Blend together the tomatoes, 1 onion, red chilli pepper, ½ cup water until smooth and set aside


Dice the half onion. Heat a generous amount of oil (4 Tbsp) in a deep pot on high heat. You need a lot of oil to fry out the acidity of the tomatoes, you can drain the oil once the stew is ready


When the oil is hot, add in the diced onion and thyme. Cover the pot and reduce the heat to low so that the onions caramelise gently. You will notice that water is gathering on the inside of the lid so every few minutes, take the lid to the sink and shake off the water and replace the lid quickly so you don’t lose the flavour.


When the onions are brown (not burnt!), turn the heat back up and add in the blended tomato mixture and mix in the spices (maggi cube, knorr cube, all-purpose seasoning, bay leaves). Fry on high heat until all the water is dried out.


Once the water has dried out, add in the 1 cup water. Mix everything together and turn the heat to low and simmer for 20 minutes. Check your soup often to make sure it doesn’t run dry.

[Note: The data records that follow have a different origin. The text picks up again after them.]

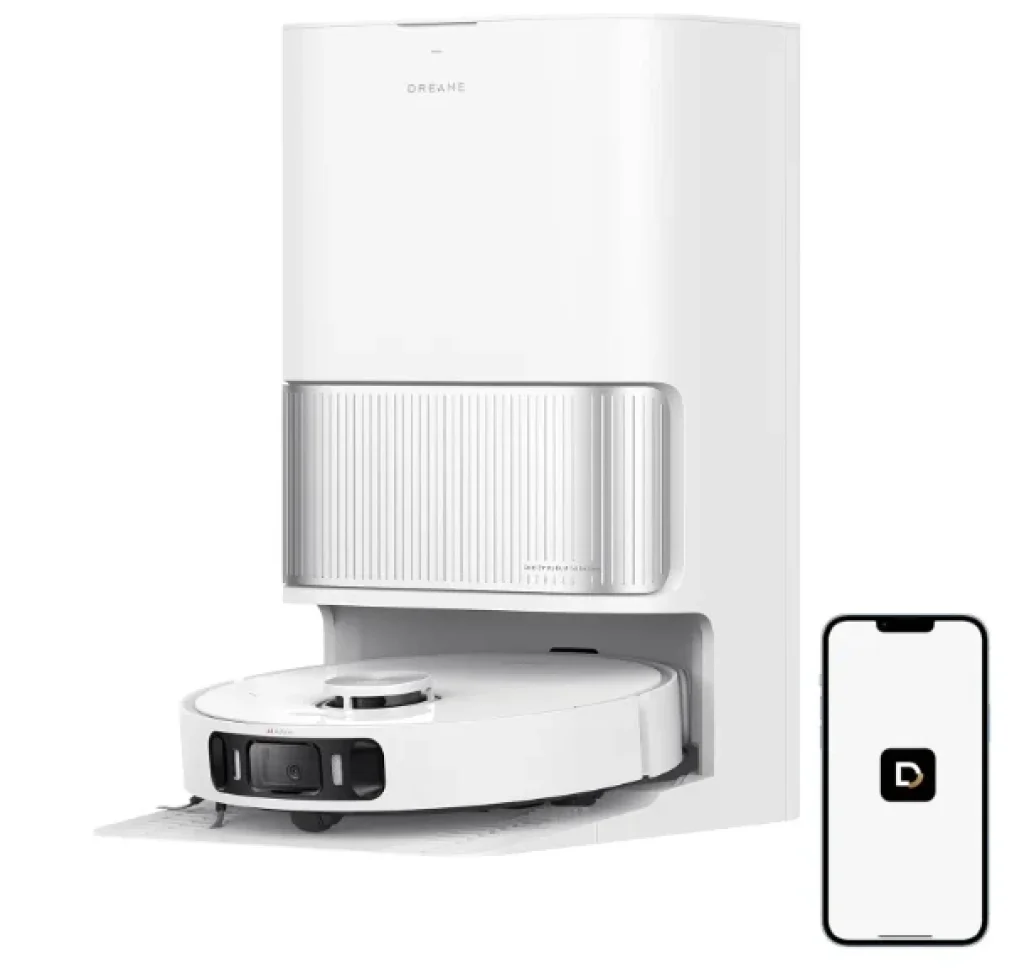 Robô Aspirador e Mop, DREAME L40 Ultra AE, Sucção 19.000Pa, Limpeza profunda, Caixa de Poeira Autoesvaziável, Mopa Flexível com Lavagem Automática 74°C, Amigo dos Pets, App/Voz(Alexa/Google/Siri), 127V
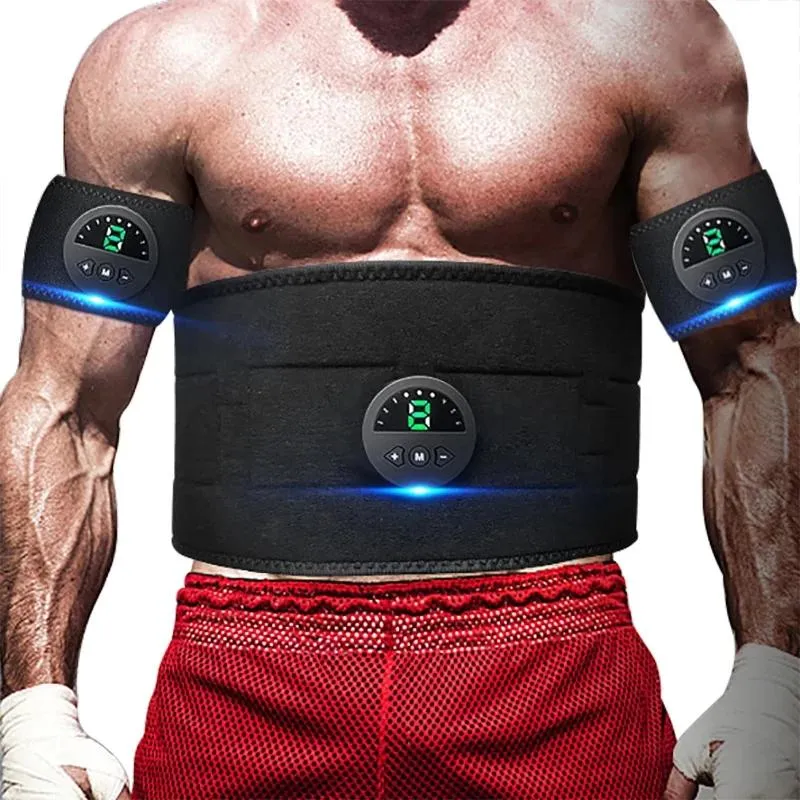 Belt Ems Electric Abdominal Body Slimming Belt Waist Band Smart Abdomen Muscle Stimulator Abs Trainer Fiess Lose Weight Fat Burn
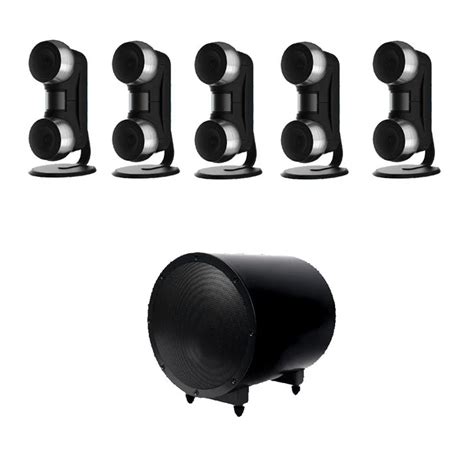 GALLO ACOUSTICS Strada 5.1 with TR - 3D Sub Home Theatre Speaker Packa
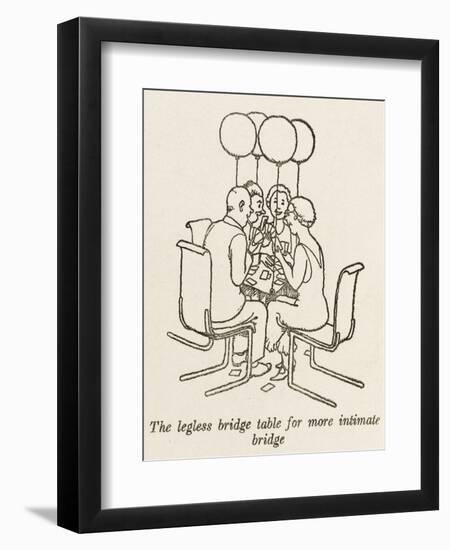 Legless Bridge Table-William Heath Robinson-Framed Art Print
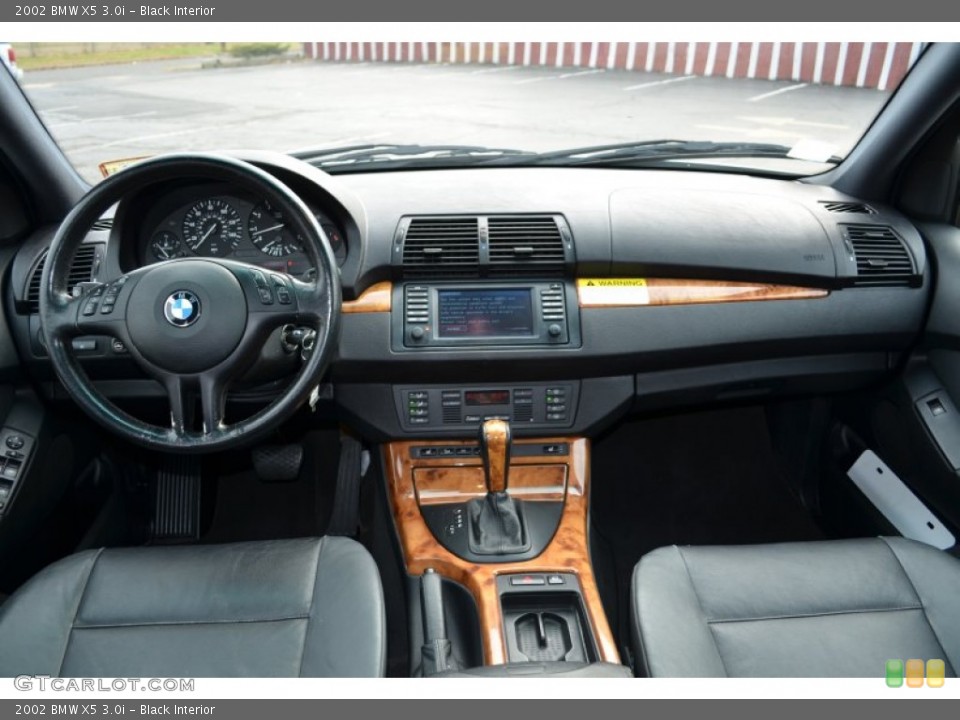 Black Interior Dashboard for the 2002 BMW X5 3.0i #74165191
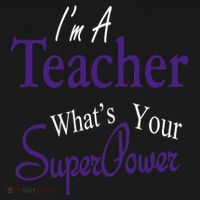I Teach What's Your Super Power Mousepad thumb 1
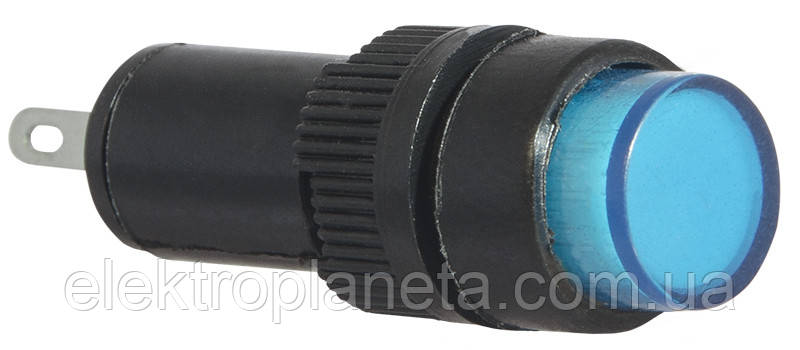 Сигнальна арматура лампа індикатор AD22E-10DS синя 24V AC/DC A0140030184, фото 1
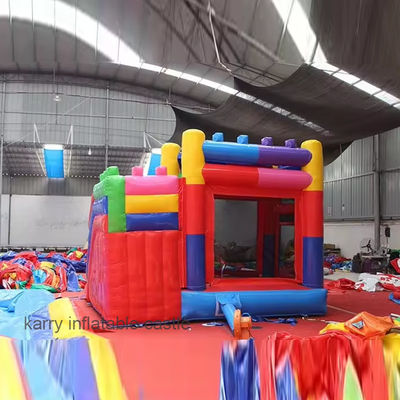 Impression d'écran maison gonflable saut à l'élastique saut à l'élastique pour les fêtes commerciales Combo Castle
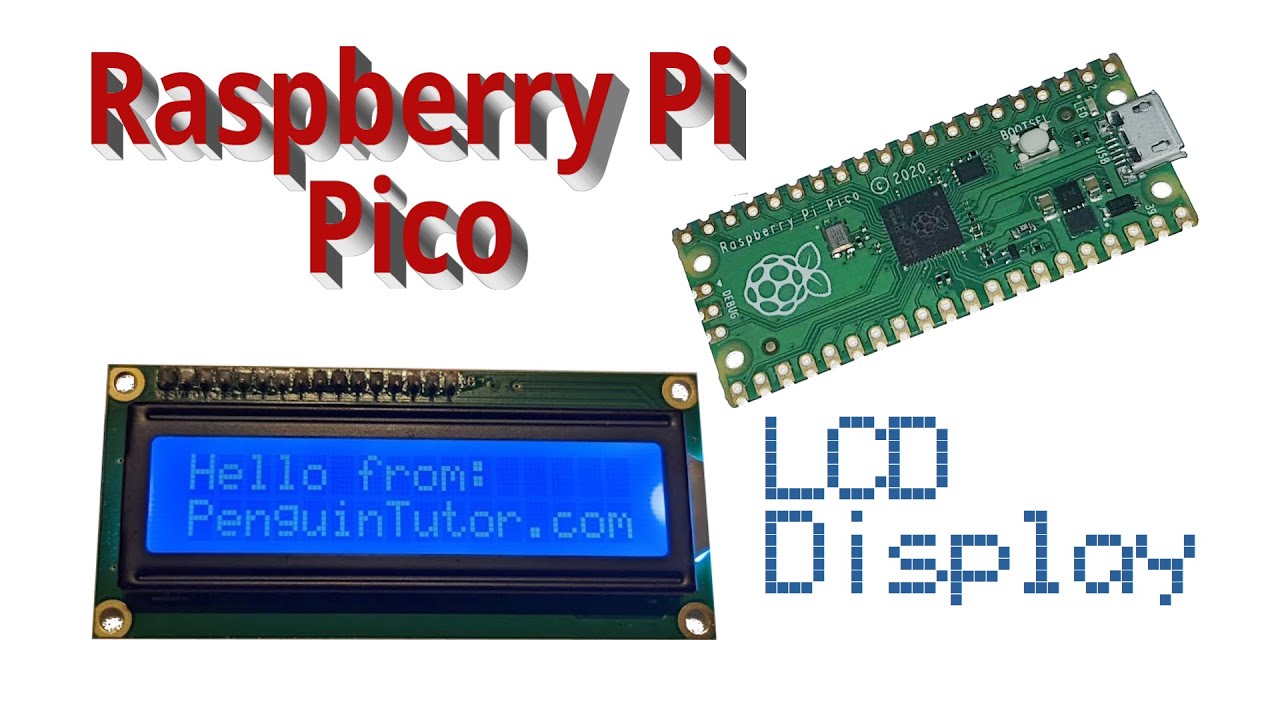 Raspberry Pi Pico - ЖК-дисплей 1602 с текстом и интерфейсом I2C
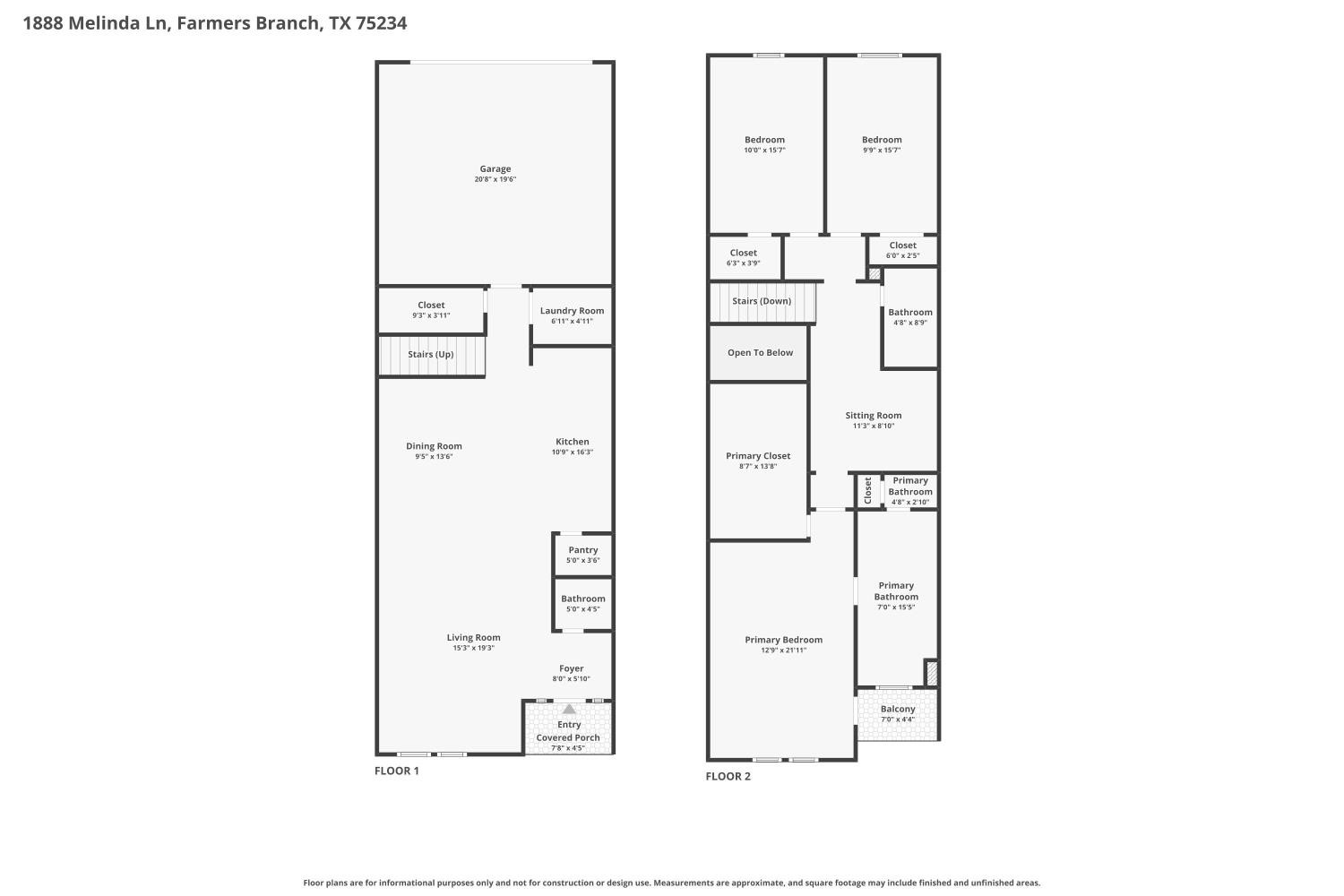 1888 Melinda Lane Farmers Branch TX 75234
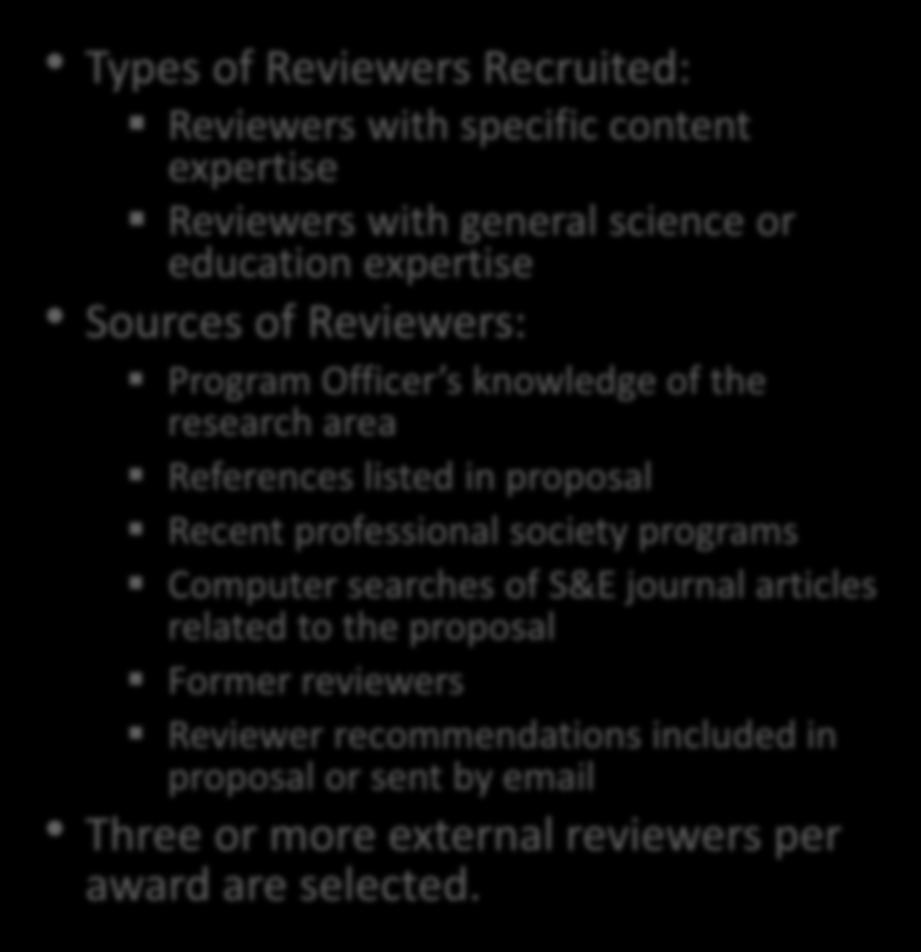 How are Reviewers Selected?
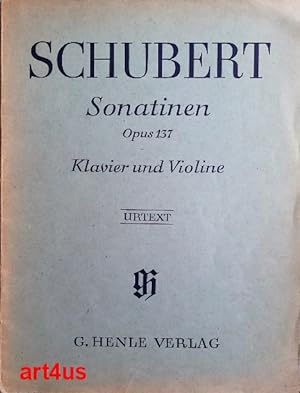 Sonatinen : Opus : 137 Sonatinen für Klavier und Violine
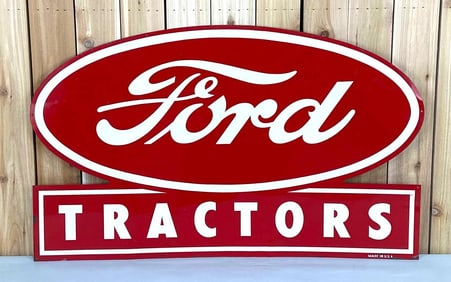 Ford Tractors Metal Sign (TAC)30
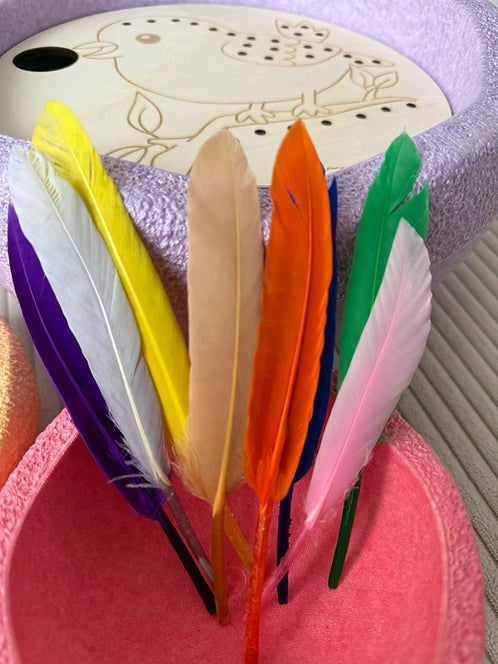 Vogel - Aktivitätsplatte kompatibel mit Stapelstein®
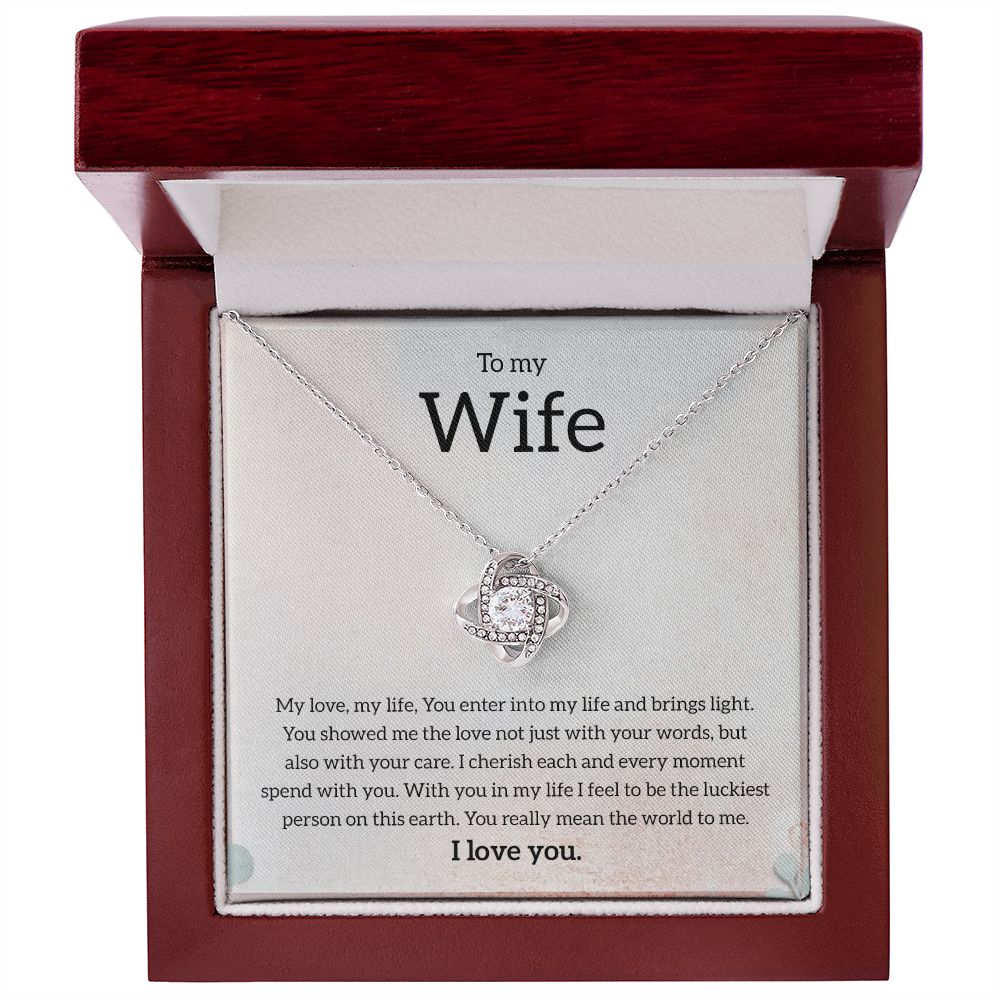 My Wife | You mean the world to be - Love Knot Necklace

After 15 to 20 minutes, your tomato soup should be thick and ready. I like to serve it as a starter with plain toast, the crunchy toast goes incredibly well with this rich, creamy, flavourful soup but you can also serve it with buns, crackers or normal bread.


You will notice I did not add salt, this is because the maggi cube and the chicken stock have plenty of salt already so you really don’t need added salt.